Personal information
- Full name: Frank Audley Henry Boynton
- Born: 1 January 1887 Prahran, Victoria
- Died: 3 March 1946 (aged 59) Northam, Western Australia
- Original team: Wesley College

Playing career^{1}
- Years: Club / Games (Goals)
- 1906: Melbourne / 01 0(0)
- 1907: Geelong / 13 0(2)
- 1908–10: University / 25 (12)
- Total:  / 39 (14)
- ^{1} Playing statistics correct to the end of 1910.

= Frank Boynton (footballer) =

Australian rules footballer (1887–1946)

Frank Audley Henry Boynton (1 January 1887 – 3 March 1946) was an Australian rules footballer who played with Melbourne, Geelong and University in the Victorian Football League (VFL).

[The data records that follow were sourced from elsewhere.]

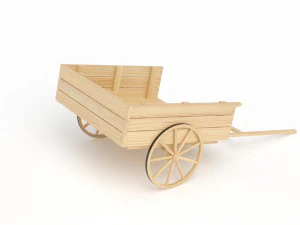 Old Wooden Cart 3D Model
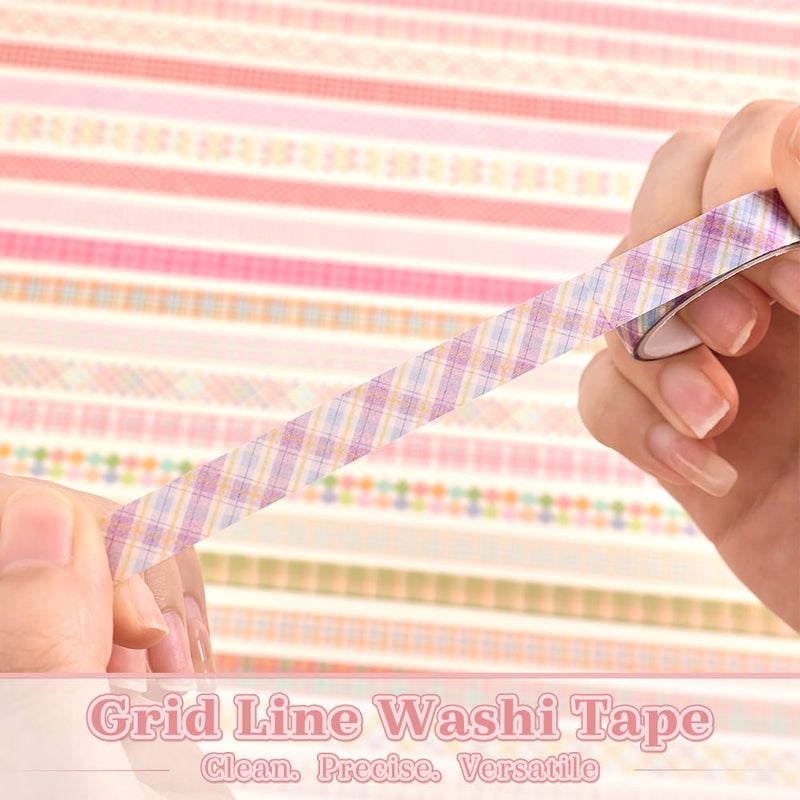 icceemee 60 Rolls Cross line Theme Washi Tape Set, Writable Decorative Tapes for Scrapbooking, Junk Journal Supplies, Bullet Journaling, 0.39"x79" per Roll - Image 4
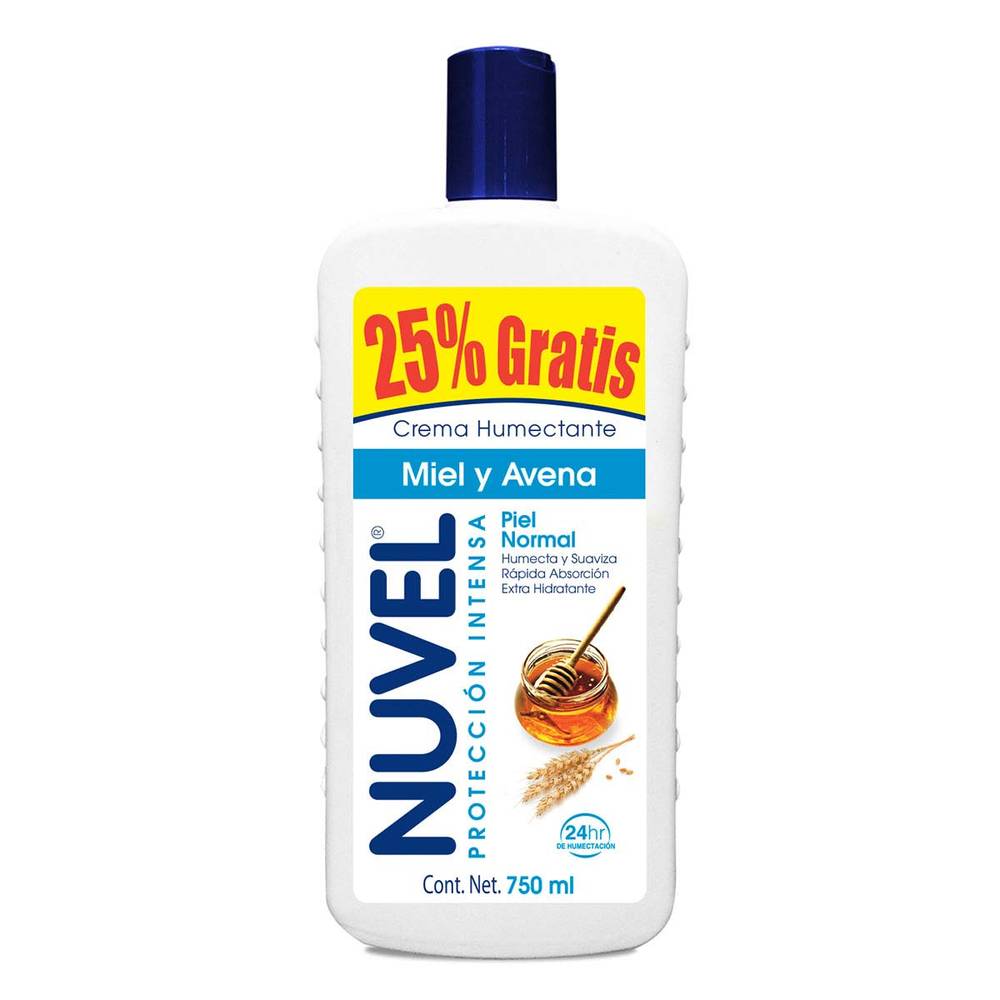 Nuvel · Crema corporal miel y avena (750 ml)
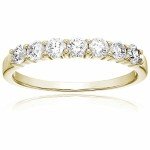 7 Stone Diamond Wedding Band in 14K Gold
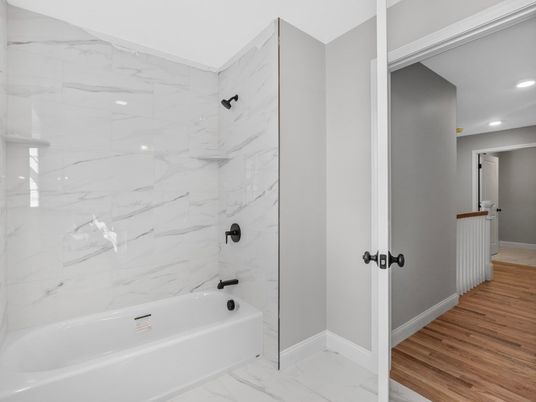 Bathroom, Interior, Marble, Marble Walls, Recessed Lighting, Wood Texture Flooring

Boynton was born in Prahran, Victoria, the eldest child of Thomas Henry Boynton and Agnes Amelia Dawes. The family lived in Balranald where Boynton and Dawes was a major grocery shop. He was educated at Wesley College, Melbourne, where he was a prefect and champion athlete, cricketer, footballer and rower. He was a notable athlete while studying medicine at the University of Melbourne, being awarded four sporting blues and playing VFL football for five seasons. After one game with Melbourne in 1906, he played most games in Geelong's 1907 season. He then played intermittently for University during their first three seasons in the VFL.

Boynton left Melbourne to continue to study medicine in Adelaide but did not finish the course. He later moved to Perth where he sold farm machinery. In 1925 he married Mary Elizabeth Smith and they lived in Northam, Western Australia until his death in 1946.